THE PROBLEM: The lines running from the one that contains "-广州十甫voco酒店" to the end of the records below are what to reproduce, exactly and without pictures.
---
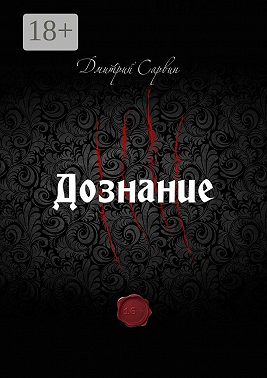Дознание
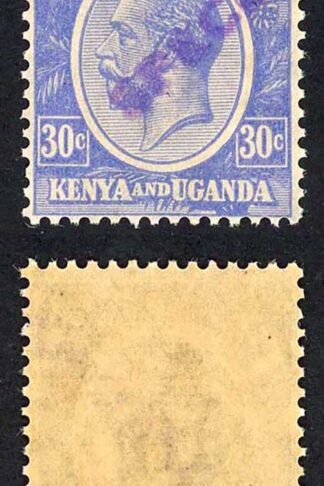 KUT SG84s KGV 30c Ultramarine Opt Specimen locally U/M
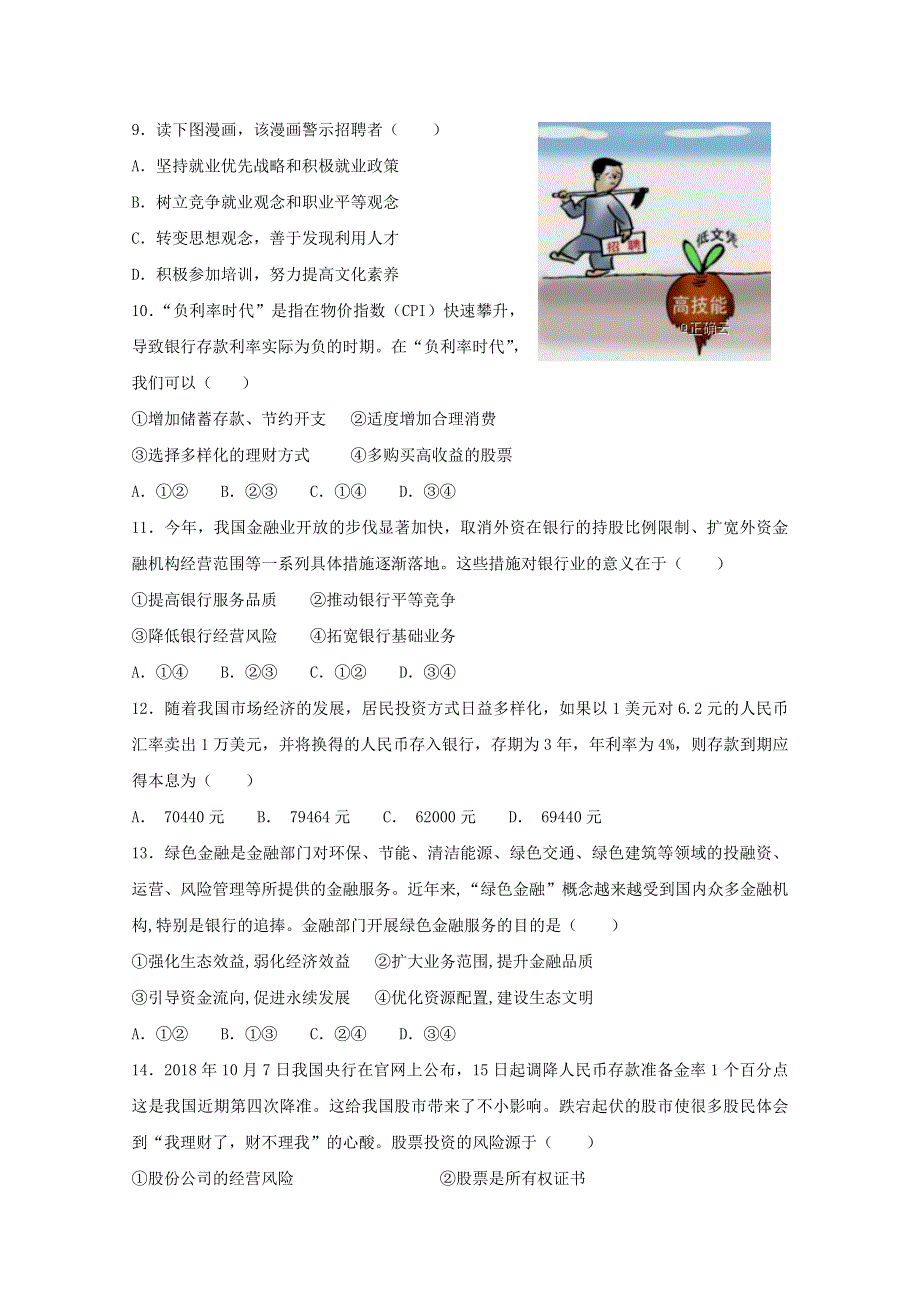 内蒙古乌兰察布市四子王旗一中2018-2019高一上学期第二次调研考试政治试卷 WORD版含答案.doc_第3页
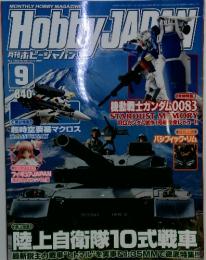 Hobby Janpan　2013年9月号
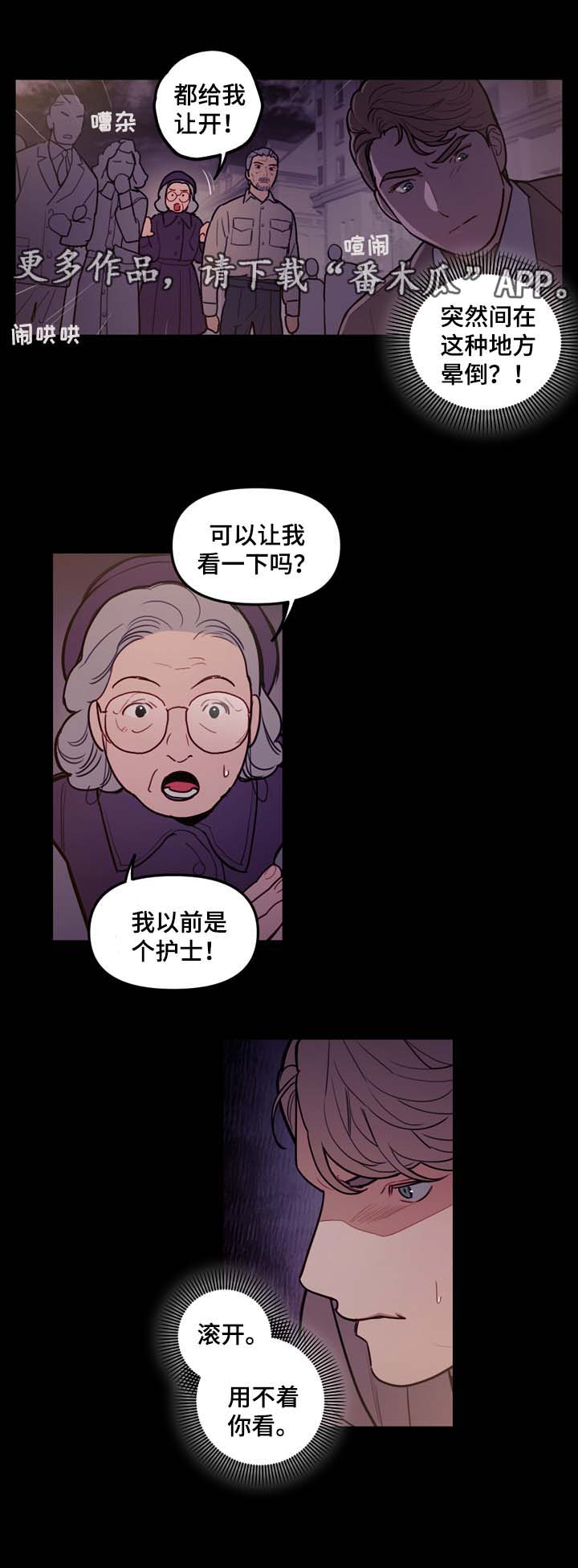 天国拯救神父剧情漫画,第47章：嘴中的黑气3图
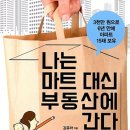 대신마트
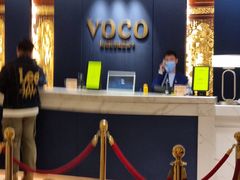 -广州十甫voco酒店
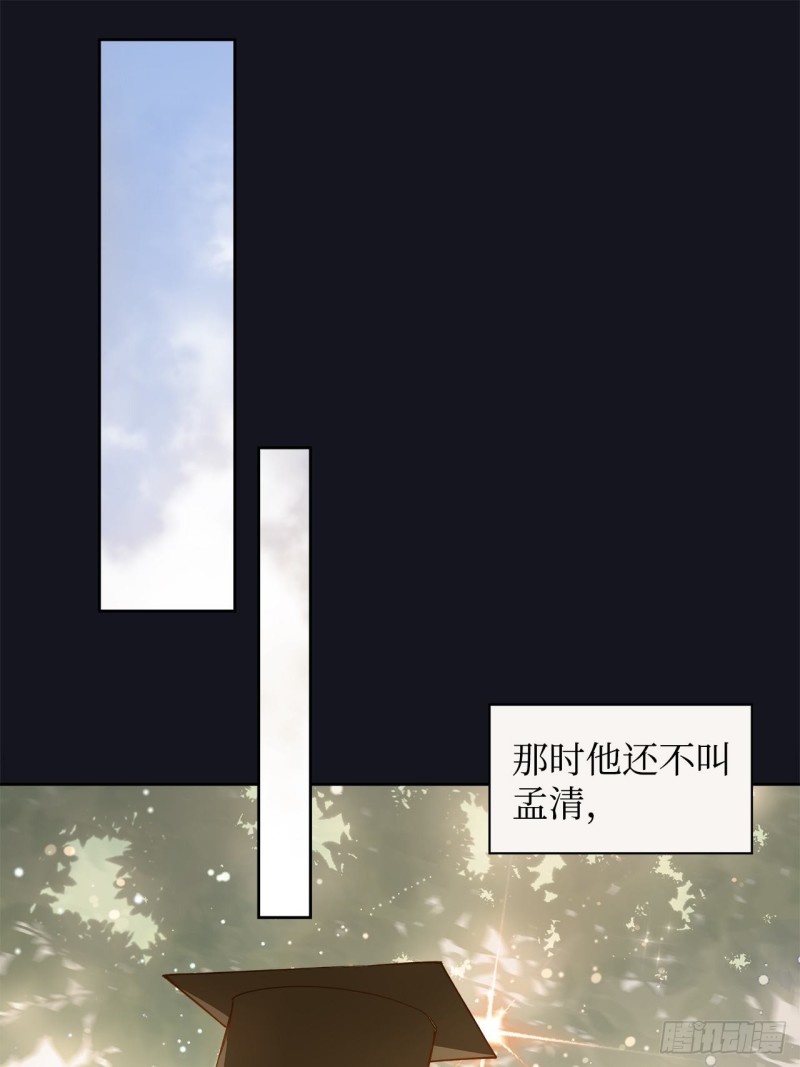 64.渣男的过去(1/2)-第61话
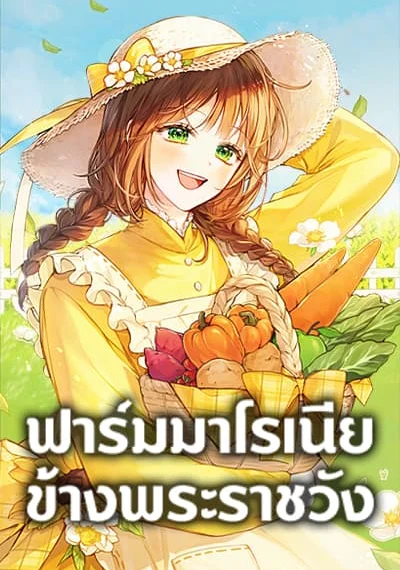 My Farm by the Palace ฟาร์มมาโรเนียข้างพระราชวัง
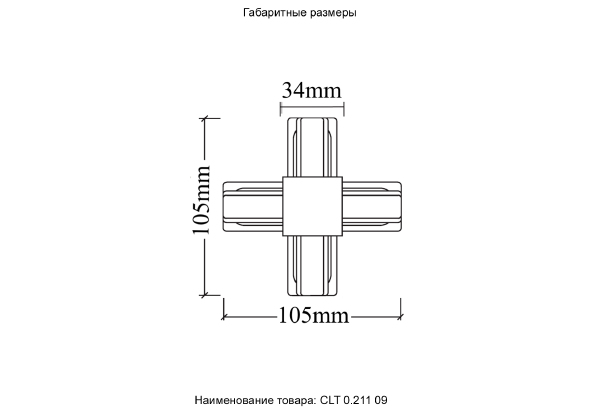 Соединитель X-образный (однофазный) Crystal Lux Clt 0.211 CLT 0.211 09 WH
---
YOUR RESPONSE:
 -广州十甫voco酒店
 64.渣男的过去(1/2)-第61话
 My Farm by the Palace ฟาร์มมาโรเนียข้างพระราชวัง
 Соединитель X-образный (однофазный) Crystal Lux Clt 0.211 CLT 0.211 09 WH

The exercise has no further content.